-------------------------
TFD-ICDAR 2019 Version 1
-------------------------

[Description]

The ground truth annotation provided in two formats
(1) character level: bounding box of all characters are given with math/notmath labelling.
(2) math regions: bounding box of math regions are provided for each page 

The article pages were originally scanned at 600 dpi. Although we could not include the original document images of articles for copyright reasons, we provide the pdf URLs that we used to get the original documents.

There are 36 PDFs in train containing 569 pages and 26395 math regions. Test set is made of 10 PDfs containing 236 pages and 11885 math regions. Please find train_files.txt and test_files.txt under corrosponding folders. 
===========================================================================
[Instruction]

EasyDownload directory contains instructions to download all the required files. 

1) Download all pdfs from the given URLs in GTDB_files.txt. Make sure the saved files have the name in the second column (for mapping with GT files).

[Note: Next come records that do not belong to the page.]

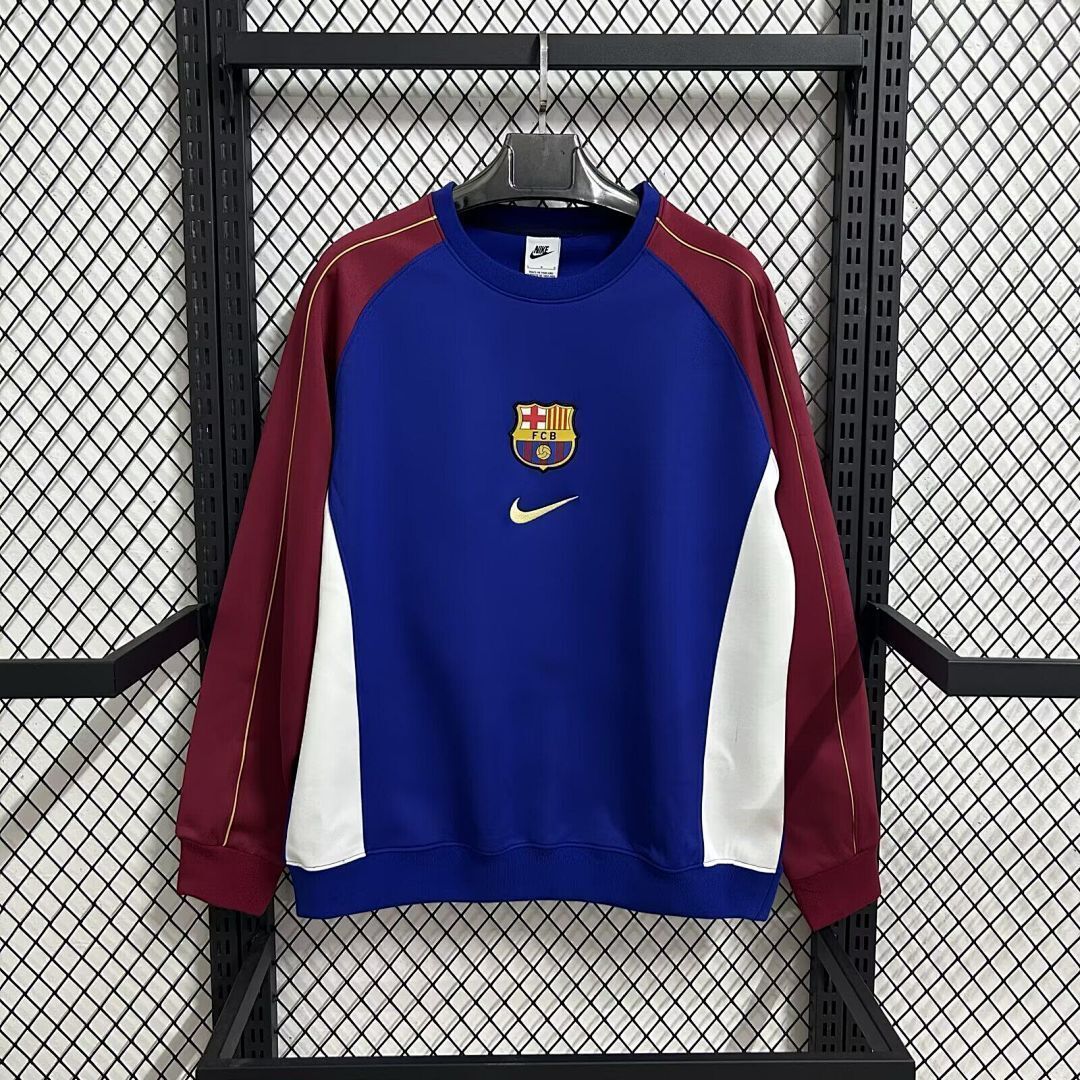 Barcelona 2025/26 Red and Blue Sweater Training S-2XL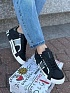 Женские кроссовки Dolce & Gabbana Custom 2.Zero - Black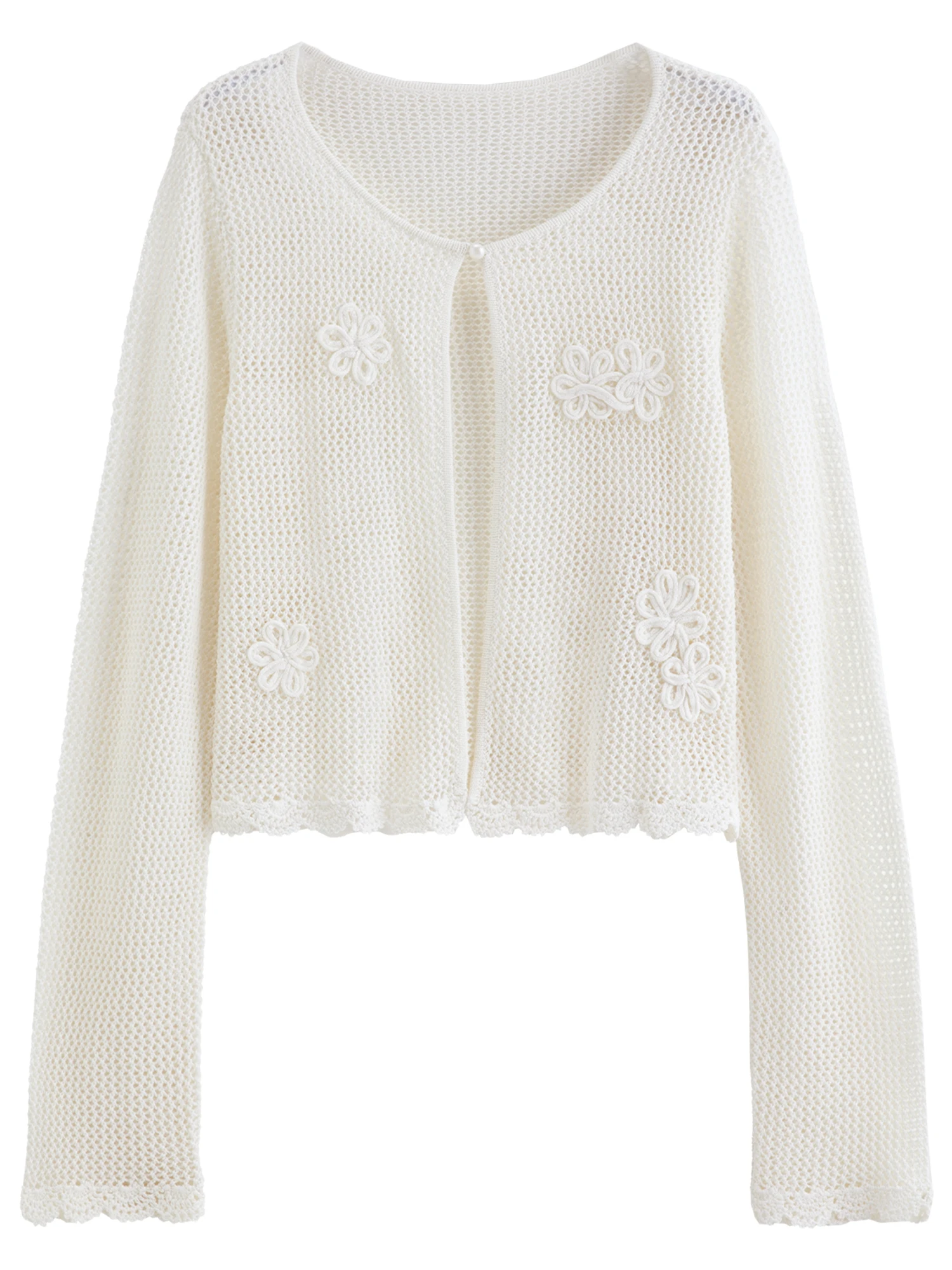 קרדיגן שמנת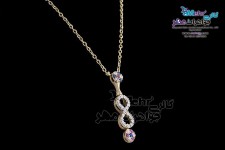 گردنبند طلا - طرح بی‌نهایت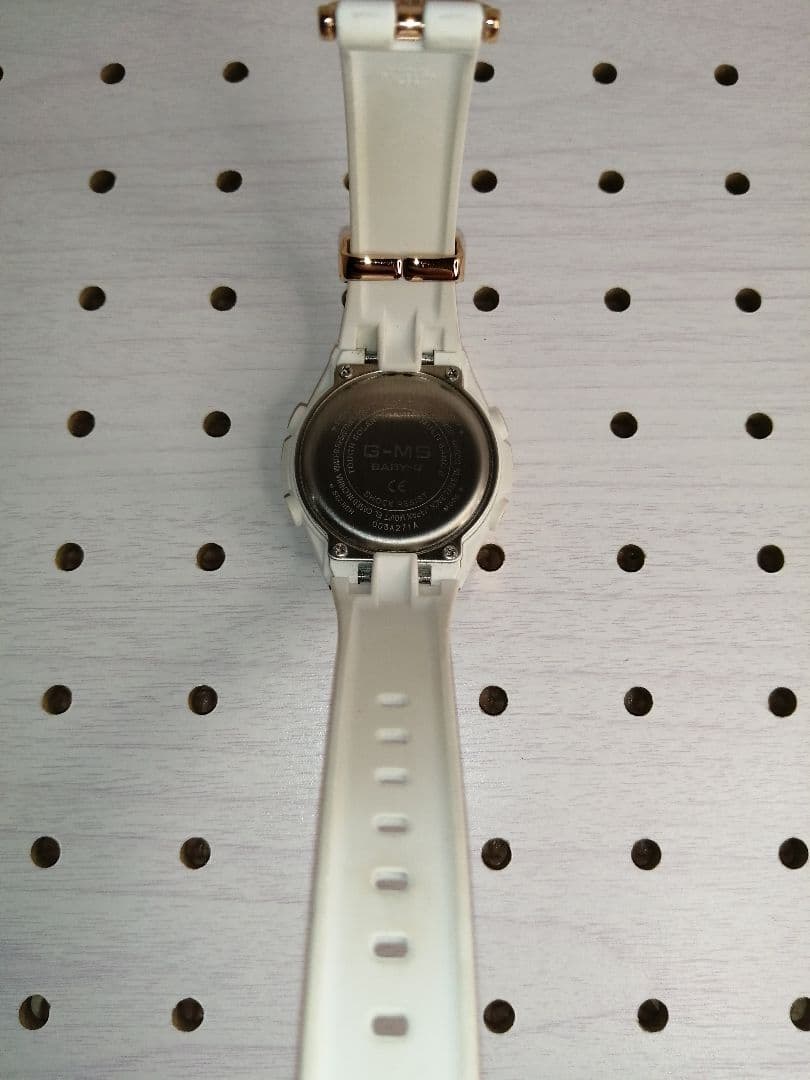 カシオG-MS G-shock baby-g MSG-W600 洗浄済超美品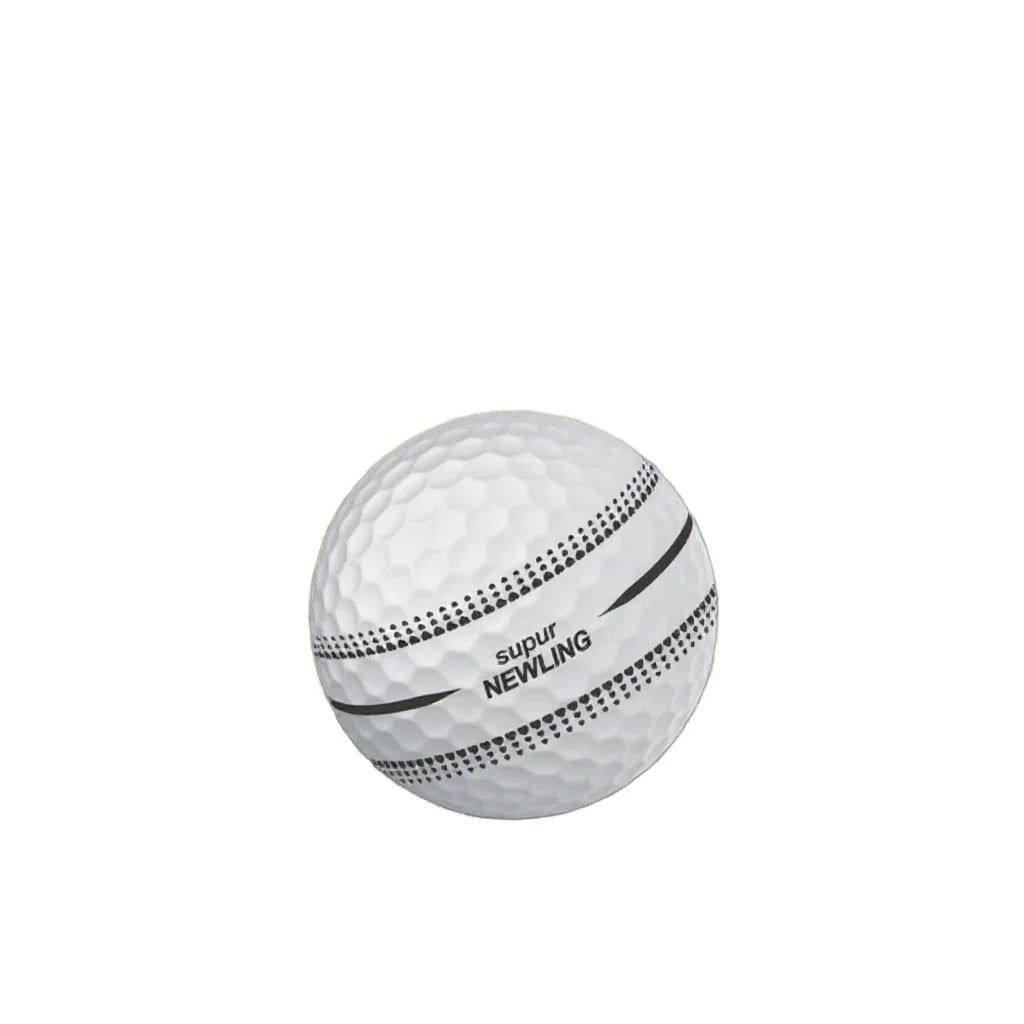 Three-Layer PU Polyurethane Cover Championship Golf Ball Made of Rubber and PU for Golf Lovers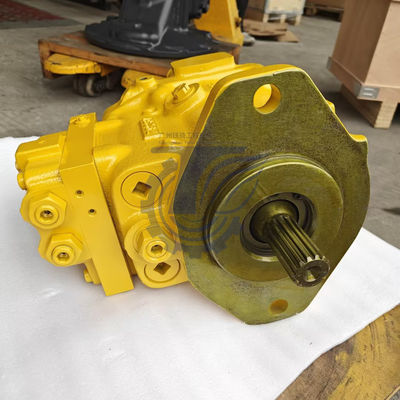 708-1L-00340 7081L00340 Für KOMATSU D275A-5D BULLDOZEREN TEILEN Hydraulische Pumpe Kolbenpumpe Hydraulische Ölpumpe Assy Pump Montage Pumpe GP-Piston Aftermarket Original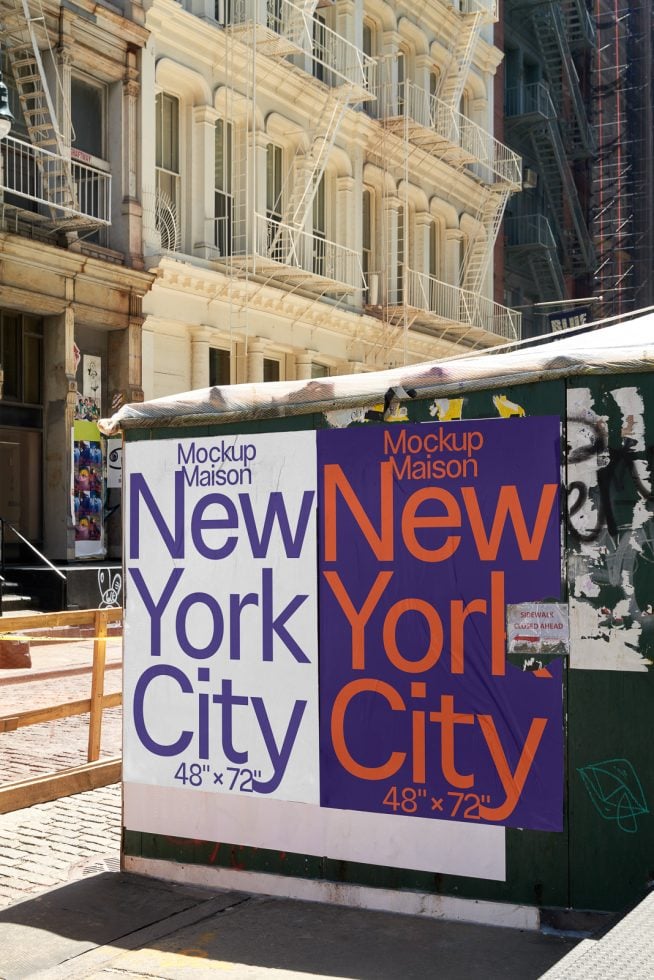 Urban Poster UP NYC2 08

2) Convert pdfs to images using "convert_pdf_to_image.py"

3) Use the GTs provided for test and train in the corresponding folders. Note that for test PDFs, character bounding boxes are provided without labels. 

===========================================================================
[Files]

"visualize_annotations.py" visualize math regions and character regions from annotation files on images. find this under VisualizationTools. 

"GTDB_files.txt": list of all 46 articles (GTDB-1 and GTDB-2 to). To view GTDB-2 (16 articles) and GTDB-1 (30 articles) separately, checkout the git repository.

"convert_pdf_to_image.py": converts PDF file into 600 DPI images.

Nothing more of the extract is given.